Re: [PR] KAFKA-19160: Improve performance of fetching stable offsets [kafka]

via GitHub Wed, 16 Apr 2025 16:07:35 -0700


shaan150 commented on code in PR #19497:
URL: https://github.com/apache/kafka/pull/19497#discussion_r2047739805



##########
group-coordinator/src/main/java/org/apache/kafka/coordinator/group/OffsetMetadataManager.java:
##########
@@ -650,24 +658,18 @@ public int deleteAllOffsets(
         // Delete all the pending transactional offsets too.

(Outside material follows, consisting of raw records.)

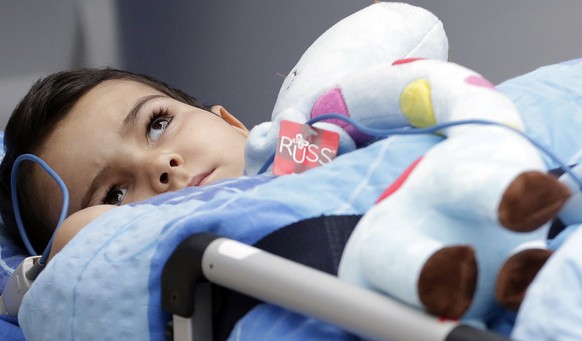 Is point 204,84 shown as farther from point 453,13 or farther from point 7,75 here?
point 453,13

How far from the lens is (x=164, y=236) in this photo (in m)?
0.75

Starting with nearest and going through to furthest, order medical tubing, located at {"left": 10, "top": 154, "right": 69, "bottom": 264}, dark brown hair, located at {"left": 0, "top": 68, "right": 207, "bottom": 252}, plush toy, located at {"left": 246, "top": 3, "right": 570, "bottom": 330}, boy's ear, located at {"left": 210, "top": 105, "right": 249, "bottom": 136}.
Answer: plush toy, located at {"left": 246, "top": 3, "right": 570, "bottom": 330} → medical tubing, located at {"left": 10, "top": 154, "right": 69, "bottom": 264} → dark brown hair, located at {"left": 0, "top": 68, "right": 207, "bottom": 252} → boy's ear, located at {"left": 210, "top": 105, "right": 249, "bottom": 136}

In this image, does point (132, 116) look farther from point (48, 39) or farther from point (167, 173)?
point (48, 39)

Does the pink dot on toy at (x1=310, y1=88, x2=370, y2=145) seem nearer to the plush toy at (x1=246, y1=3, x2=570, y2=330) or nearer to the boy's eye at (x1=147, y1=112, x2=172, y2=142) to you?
the plush toy at (x1=246, y1=3, x2=570, y2=330)

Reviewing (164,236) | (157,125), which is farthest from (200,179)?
(164,236)

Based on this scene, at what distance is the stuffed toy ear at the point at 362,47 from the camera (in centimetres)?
108

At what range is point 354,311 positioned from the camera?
22.7 inches

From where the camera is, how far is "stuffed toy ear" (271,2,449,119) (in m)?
1.08

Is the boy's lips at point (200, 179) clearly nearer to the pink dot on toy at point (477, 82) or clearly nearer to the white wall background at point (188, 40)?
the pink dot on toy at point (477, 82)

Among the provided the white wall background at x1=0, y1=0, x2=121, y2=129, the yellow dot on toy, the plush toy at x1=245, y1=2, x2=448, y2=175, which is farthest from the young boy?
the white wall background at x1=0, y1=0, x2=121, y2=129

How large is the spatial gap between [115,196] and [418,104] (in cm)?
59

Here we only 
write a tombstone
         // if the topic-partition was not in the main storage because we don't 
need to write
         // two consecutive tombstones.
-        TimelineHashSet<Long> openTransactions = 
openTransactionsByGroup.get(groupId);
-        if (openTransactions != null) {
-            openTransactions.forEach(producerId -> {
-                Offsets pendingOffsets = 
pendingTransactionalOffsets.get(producerId);
-                if (pendingOffsets != null) {
-                    TimelineHashMap<String, TimelineHashMap<Integer, 
OffsetAndMetadata>> pendingGroupOffsets =
-                        pendingOffsets.offsetsByGroup.get(groupId);
-                    if (pendingGroupOffsets != null) {
-                        pendingGroupOffsets.forEach((topic, 
offsetsByPartition) -> {
-                            offsetsByPartition.keySet().forEach(partition -> {
-                                if (!hasCommittedOffset(groupId, topic, 
partition)) {
-                                    
records.add(GroupCoordinatorRecordHelpers.newOffsetCommitTombstoneRecord(groupId,
 topic, partition));
-                                    numDeletedOffsets.getAndIncrement();
-                                }
-                            });
-                        });
-                    }
-                }
+        TimelineHashMap<String, TimelineHashMap<Integer, 
TimelineHashSet<Long>>> openTransactionsByTopic =
+            openTransactionsByGroupTopicAndPartition.get(groupId);
+        if (openTransactionsByTopic != null) {

Review Comment:
   There are three nested for loops, this can be avoided.
   
   Something like the following might help (was done for quickness)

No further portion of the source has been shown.